TASK DETAILS: A faithful copy of all the data is required; pictures should not be included.

INFORMATION SHOWN:
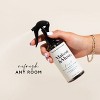 Maison&Muse Air Freshener Spray - Sea Salt & Fresh Coconut (Brigitte) - 6.8 fl oz - 3 of 4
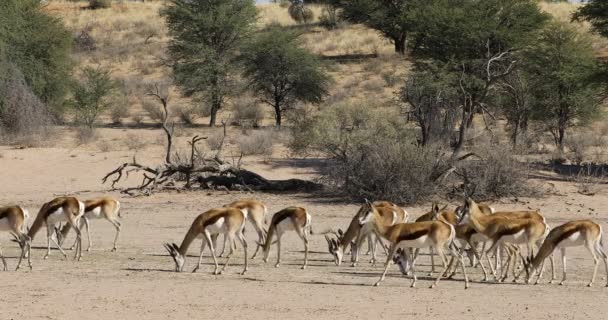 スプリングボック アンテロープ Antidorcas Marsupialis の群れカラハリ砂漠 南アフリカ — ストック動画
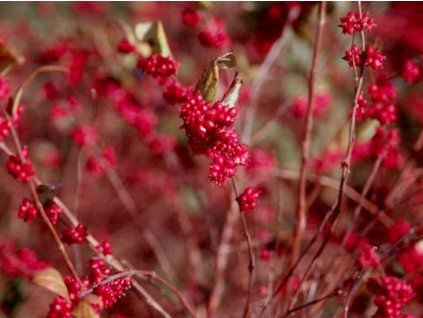 berry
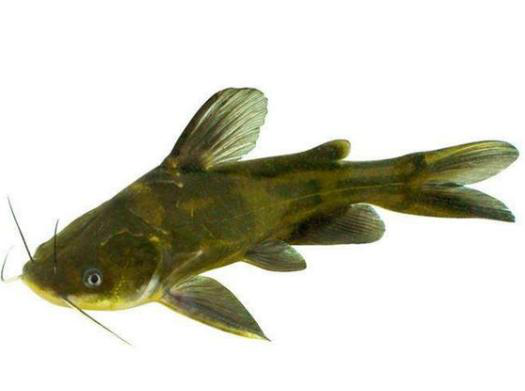 黄骨鱼养殖大热!不能让"大肚子病"影响利润!|饲料|黄骨鱼|水质|有害菌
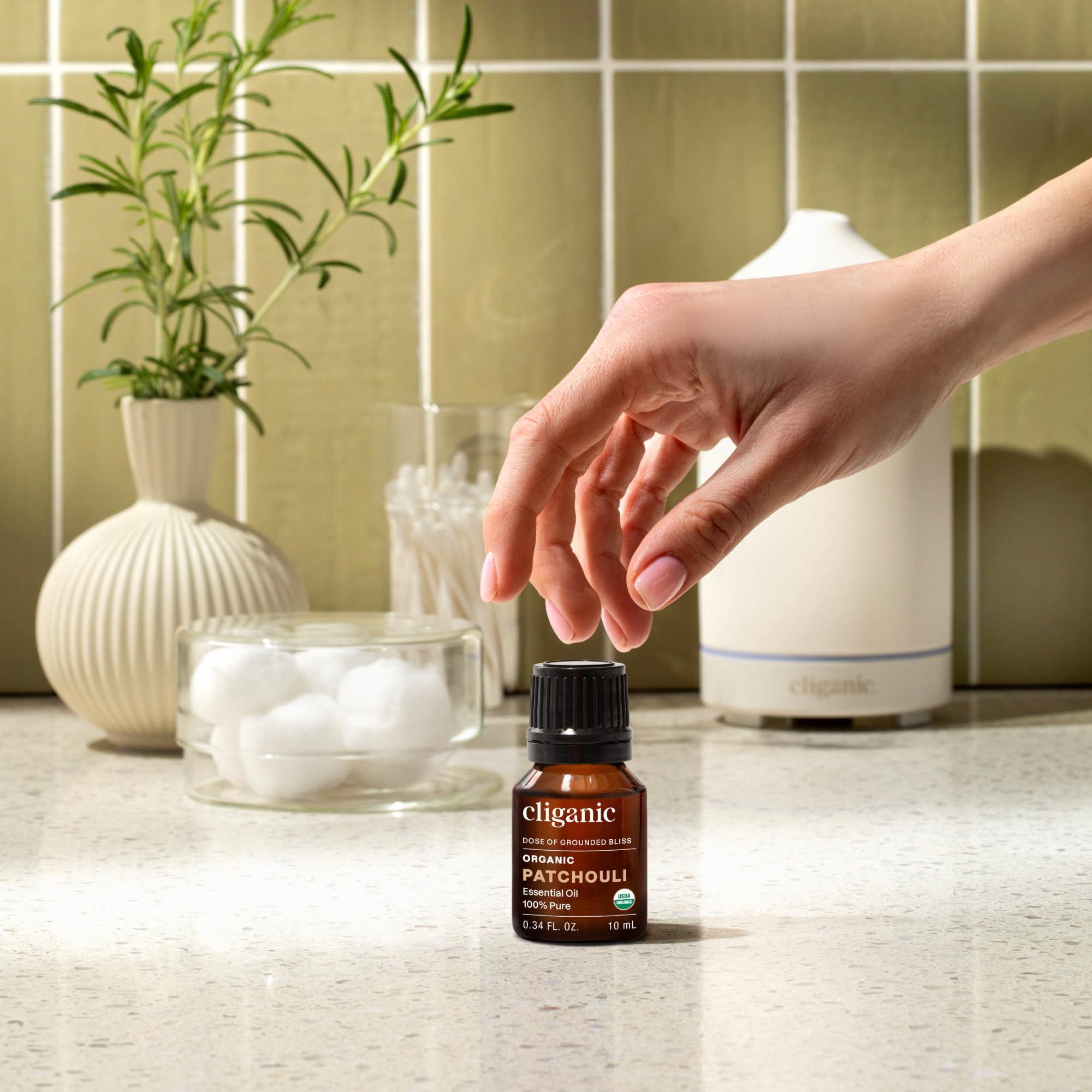 Cliganic hojas de patchouli que muestran origen botánico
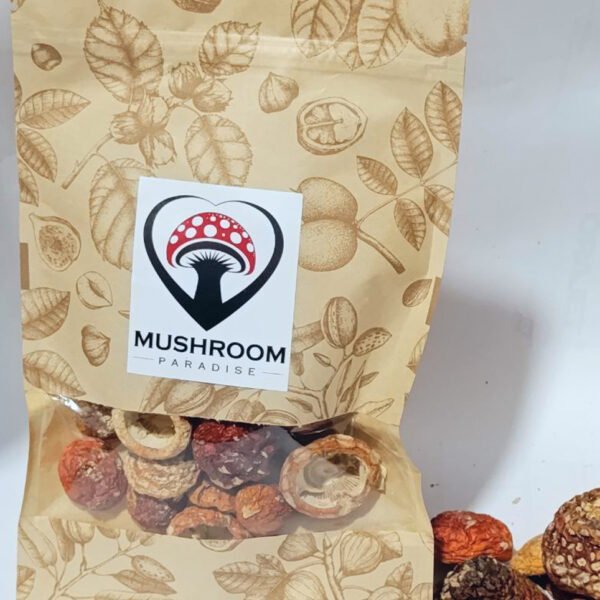 Dried Amanita Muscaria Closed Caps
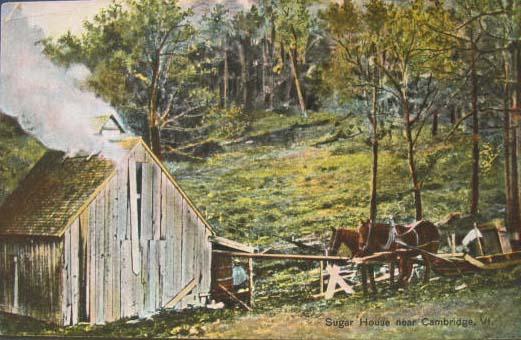 Cambridge VT Sugar House c1910 Postcard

SOLUTION FOR THIS PROBLEM:
 Maison&Muse Air Freshener Spray - Sea Salt & Fresh Coconut (Brigitte) - 6.8 fl oz - 3 of 4
 スプリングボック アンテロープ Antidorcas Marsupialis の群れカラハリ砂漠 南アフリカ — ストック動画
 berry
 黄骨鱼养殖大热!不能让"大肚子病"影响利润!|饲料|黄骨鱼|水质|有害菌
 Cliganic hojas de patchouli que muestran origen botánico
 Dried Amanita Muscaria Closed Caps
 Cambridge VT Sugar House c1910 Postcard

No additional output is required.